**ACTIVITY**
Your task is to return exactly the lines that run from the one containing "- Dubai Apartment" through the end of the listing below, without any pictures.
——————————
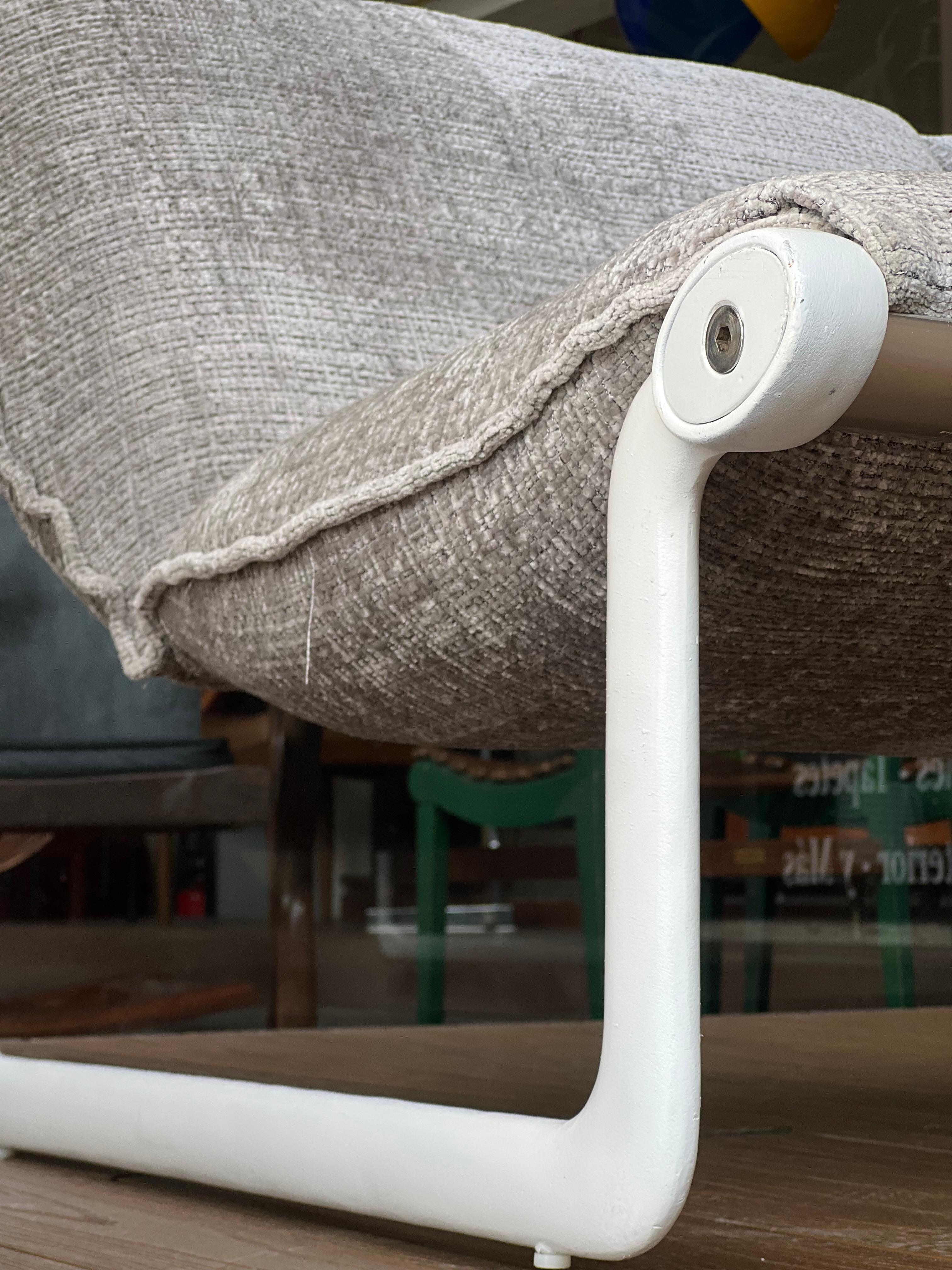 Bruce Hannah and Andrew Morrison for Knoll Int. Three-Seater Sofa For Sale 1
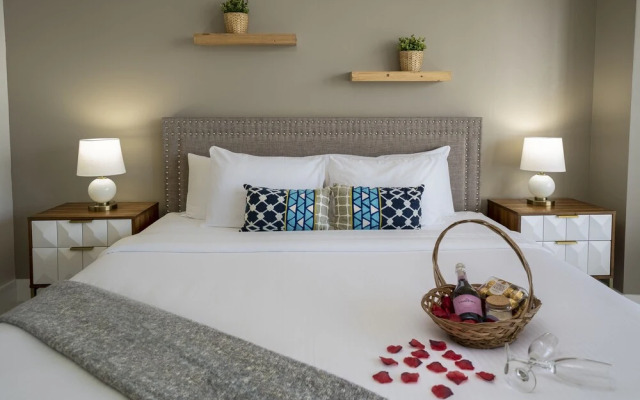 Icon Residences By Sunnyside Hotel and Resorts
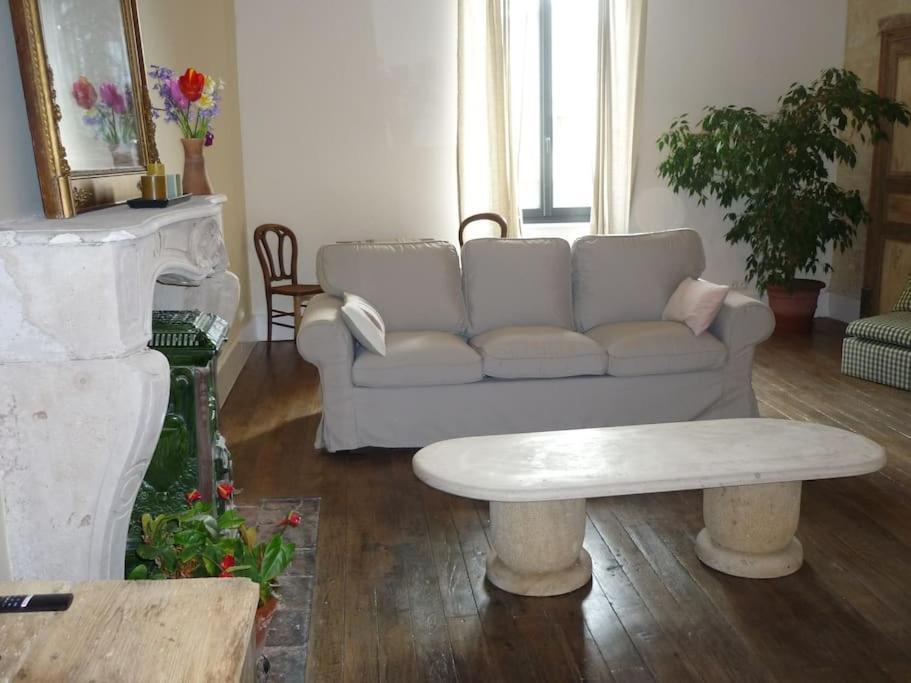 Le Presbytere - Touillon, Jacuzzi, 4 Chambres Pour 10 Екстериор снимка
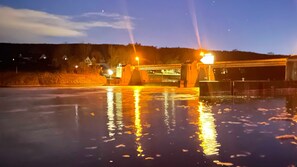 Unclassified image, 2 of 21, button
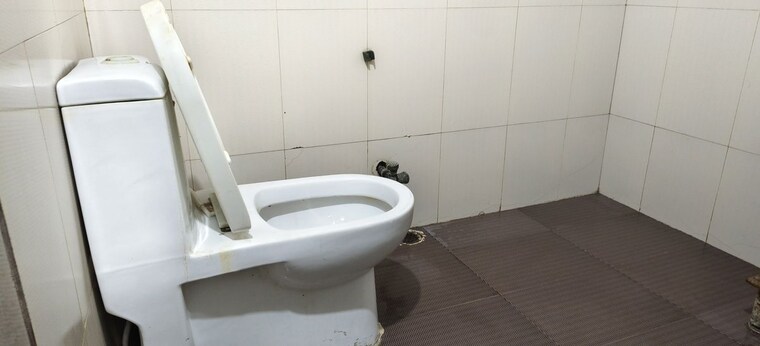 Bathroom, sector 39 Pg For Girls In Sector 39 10109722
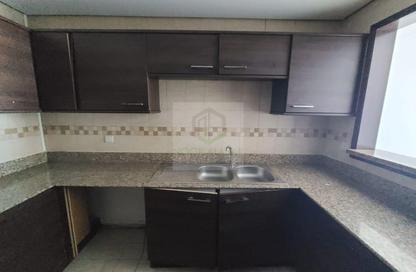 Apartment - 3 Bedrooms - 3 Bathrooms for rent in Latifa Tower - Sheikh Zayed Road - Dubai Apartment - 3 Bedrooms - 3 Bathrooms for rent in Latifa Tower - Sheikh Zayed Road - Dubai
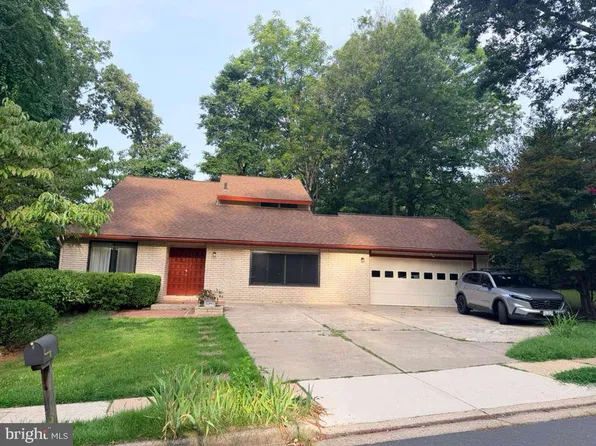 5340 Aylor Rd, Fairfax, VA 22032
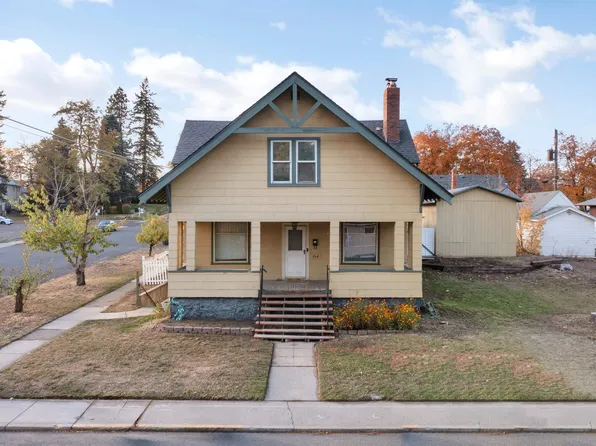 804 5th St, Cheney, WA 99004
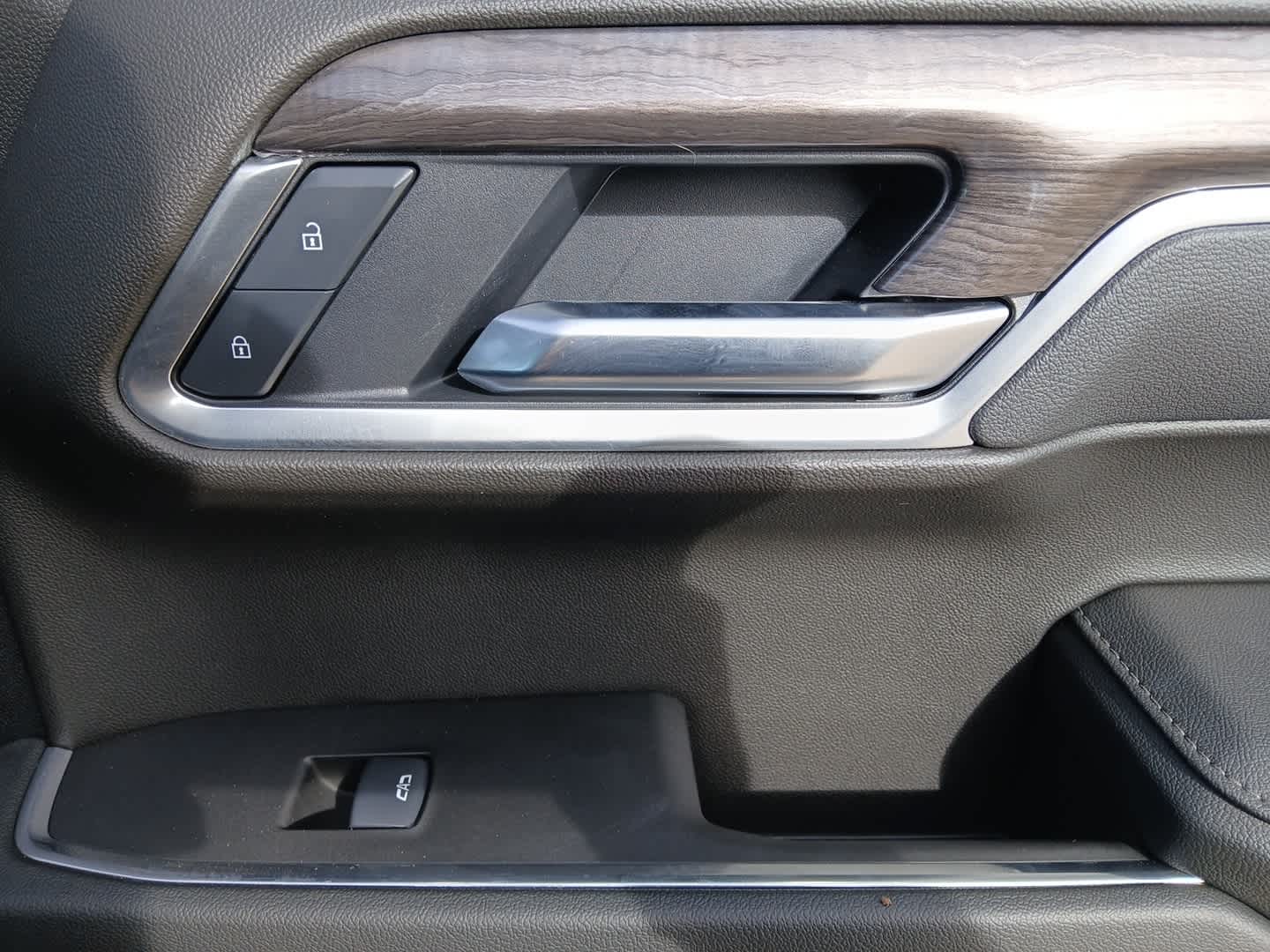 2025 Chevrolet Silverado 1500 4WD Crew Cab Short Bed LTZ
——————————
**TASK RESPONSE**
 Apartment - 3 Bedrooms - 3 Bathrooms for rent in Latifa Tower - Sheikh Zayed Road - Dubai Apartment - 3 Bedrooms - 3 Bathrooms for rent in Latifa Tower - Sheikh Zayed Road - Dubai
 5340 Aylor Rd, Fairfax, VA 22032
 804 5th St, Cheney, WA 99004
 2025 Chevrolet Silverado 1500 4WD Crew Cab Short Bed LTZ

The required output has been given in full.